The Nondeterministic Hot Dog Problem
Plus cloud native databases, data lineage, and burrito command line tools
TL;DR
Looking at data science from the operator perspective, change is still entirely too hard to manage.
What I'm Writing
The long thread on cloud native data systems continues!
In the Buffer
Even more cloud native database stuff
Purdue is launching a course on Cloud Native Databases.
The Search for a Cloud Native Database: I'm not sure I fully accept some of the premises in this article, but it's certainly a concise analysis of the problem. Automating deployment of a complex database like Cassandra isn't enough - it also needs to be managed in a cloud native way. I ran through several of Jeff Carpenter's recent work on this topic, another good one is his writeup on maturity models for cloud native DBs.
A fascinating conversation with Julian Le Dem about data lineage, OpenLineage, Le Dem's career experiences, and more.
The Modest Webapp
Let's imagine a simple application. It's straightforward, it's reliable, and it can serve lots of traffic. Our fictional company, Scones Unlimited, use this webapp as an internal tool for ordering lunches from the nearby designer hot dog stand. They access the app from the browser. It looks like this:
The frontend user interface that renders this form in the browser is written in Ficus because a developer felt like it that day. It gets shoved into a Caddyserver instance as an optimized, compressed, static bundle of text files. Caddy runs on a dedicated machine network-isolated from everything but the incoming traffic and the backend server. Speaking of the backend server, Caddy is configured to send anything with /api/
in the address to the backend. It's basically all just form data from the form pictured above.
The backend server is just FastAPI. It applies the hot dog business logic. Whenever application state needs to persist (e.g. to keep track of order history) FastAPI calls the data store. The backend server runs on its own dedicated instance isolated in yet another network segment that can only talk to Caddy or the data store.
The data store is Minio, running on, you guessed it, its own dedicated machine in a network segment that can only talk to the FastAPI machine.

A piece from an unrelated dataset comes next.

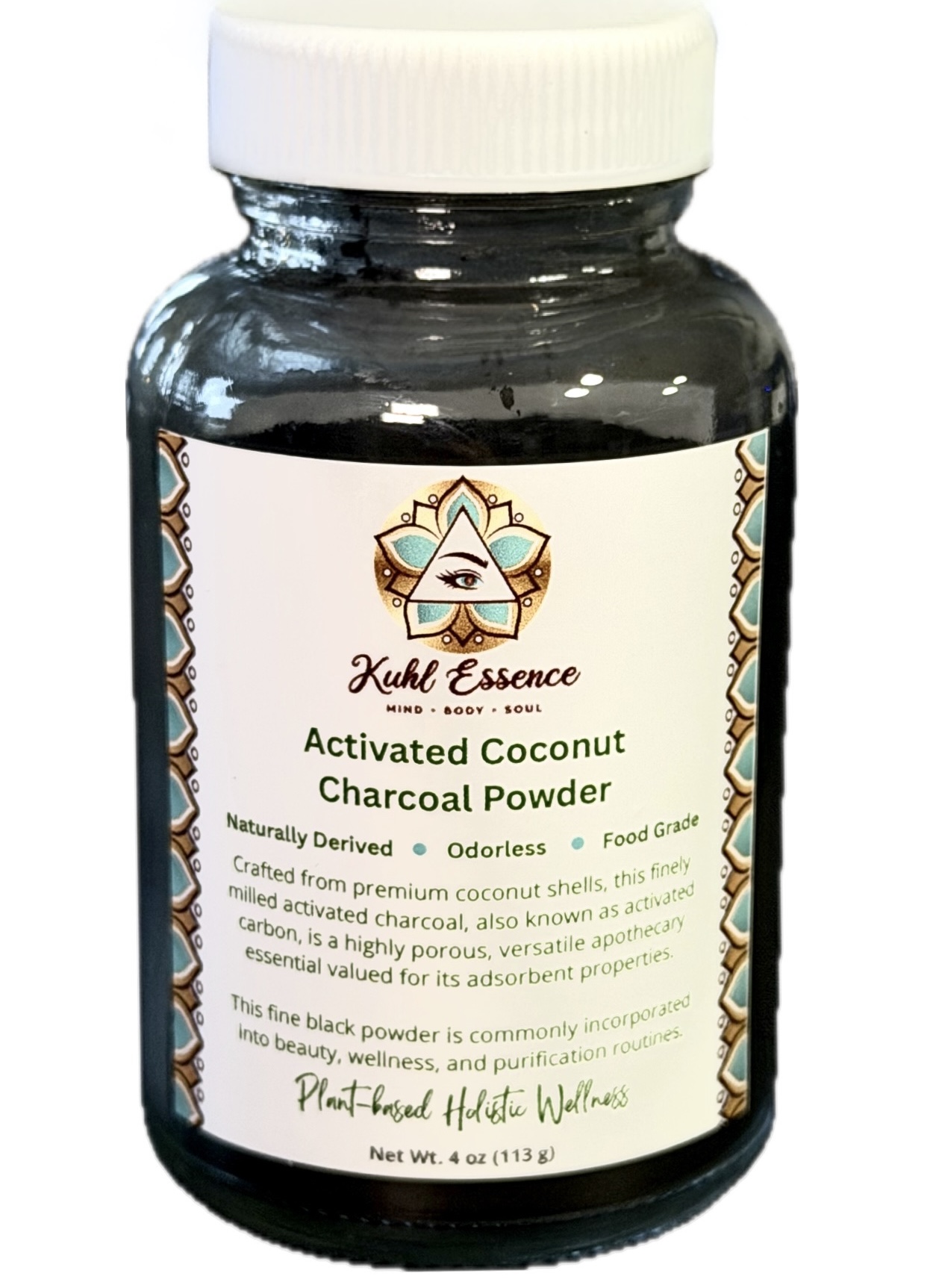Activated Charcoal - 100% Pure - Image 2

Besides some ahem esoteric choices for the components, this is an entirely boring project fulfilling a mundane need with boring 3-tier infrastructure. It does its job day after day. It is noble. It is basically the only process that runs on these machines other than a handful of agents the Scones Unlimited Platform Engineering group uses for stuff like deploys, monitoring, logging, security, secrets management, and so on.
Hot Dog Problem Space
Eventually, an enterprising data scientist decides to add a feature to the hot dog ordering app. The feature observes the users and continuously tries to update its model so that they are are served recommendations about their hot dogs. In the normal way that changes are made to the app:
The data scientist added their code changes on GitHub and sent a request for the changes to merge.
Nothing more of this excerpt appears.